Trust arrives on foot and leaves on horseback

There is an old Dutch saying that intends to remind people that trust takes time to build, but is quickly lost.

Vertrouwen komt te voet en gaat te paard.

Johan Thorbecke (1798 – 1872) – Dutch liberal statesman and one of the most important Dutch politicians of the 19th century. Thorbecke was almost single-handedly responsible for drafting the revision of the Constitution of the Netherlands, giving less power to the king and more to the States General, and guaranteeing more religious, personal, and political freedom to the people (Source: Wikipedia).

I had to think of this saying when reading an article in The Economist about the two key factors that shape consumers’ views of companies. According to Rupert Younger of the Saïd Business School at the University of Oxford, those two key factors are capability and character.

A company’s capability is determined by the quality of its products or services. A company’s character is determined by how it handles customer complaints and disputes. What’s more, research suggests that “people and organisations alike tend to be judged by the worst thing they do”.

I shared these insights with my sister, who is the founder and CEO of Lindy’s Patisserie and relies heavily on marketing through social media channels. I say marketing, but it is actually more than that. Lindy’s team is actively engaging with customers and followers, responding to comments on Instagram and Facebook. At some point in time, she will undoubtedly have to deal with customers that express complaints through those same channels or possibly even social media trolls who are just being disruptive for the fun of it.
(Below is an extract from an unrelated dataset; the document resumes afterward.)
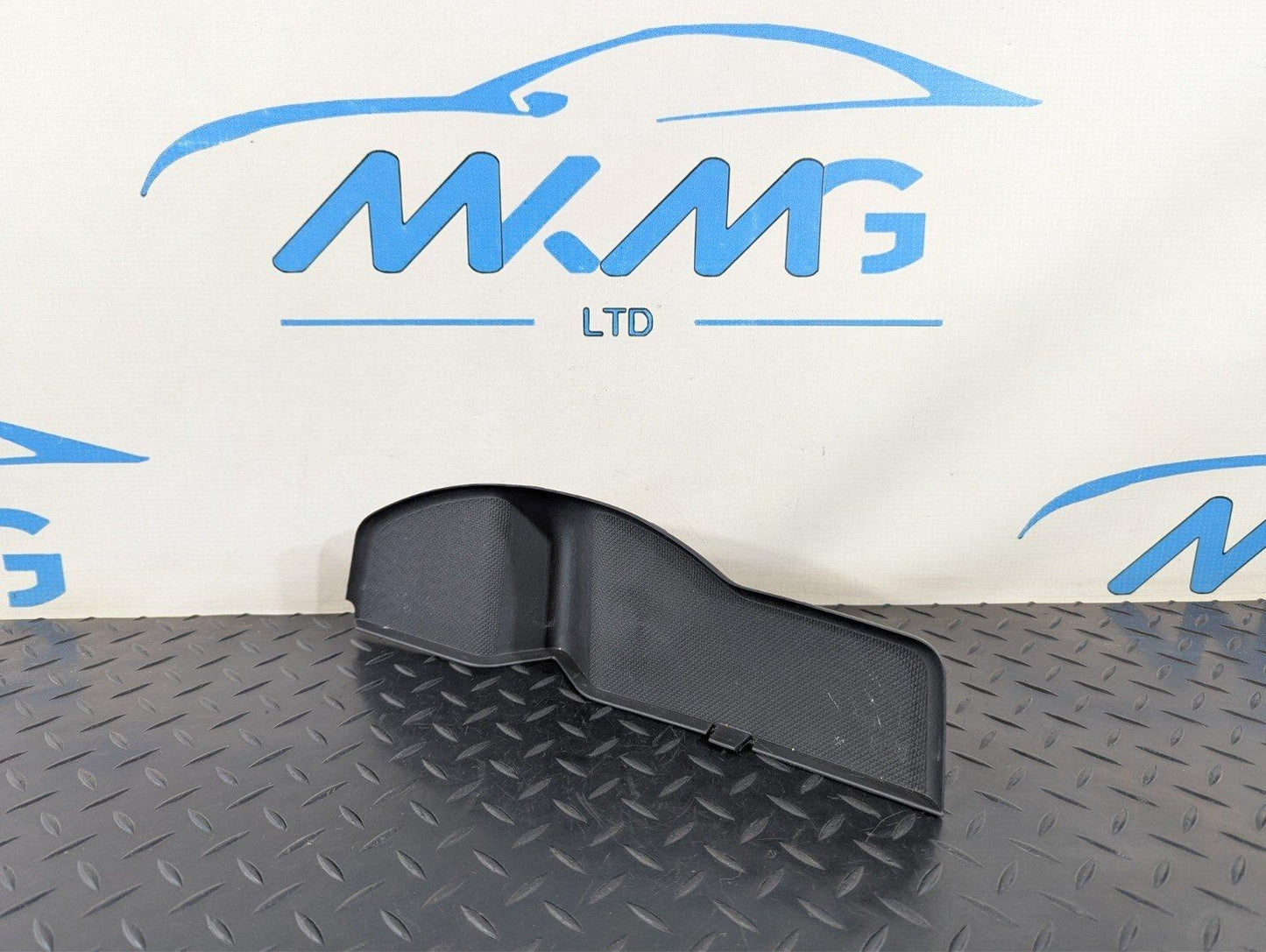 16-19 AUDI A4 B9 S-LINE RIGHT FRONT DOOR PANEL STORAGE RUBBER INSERT 8W0868134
When confronted with this, it is important that you stay calm, friendly, and professional in your response.

Trust has to be carefully established by consistently demonstrating the ‘right character’. RentItems, a startup I’m on the advisory board of, hired a Chief Experience Officer to ensure customers have a great experience and issues are handled with dedication and care. It underlines how important it is in today’s business environment, where everything is being reviewed, rated, and ‘starred’, to excel in customer service.

Thorbecke’s saying that “trust arrives on foot and leaves on horseback” was true in the 19th century and even more true today.


  • The Economist, August 8th 2020. Bartleby: Called to account.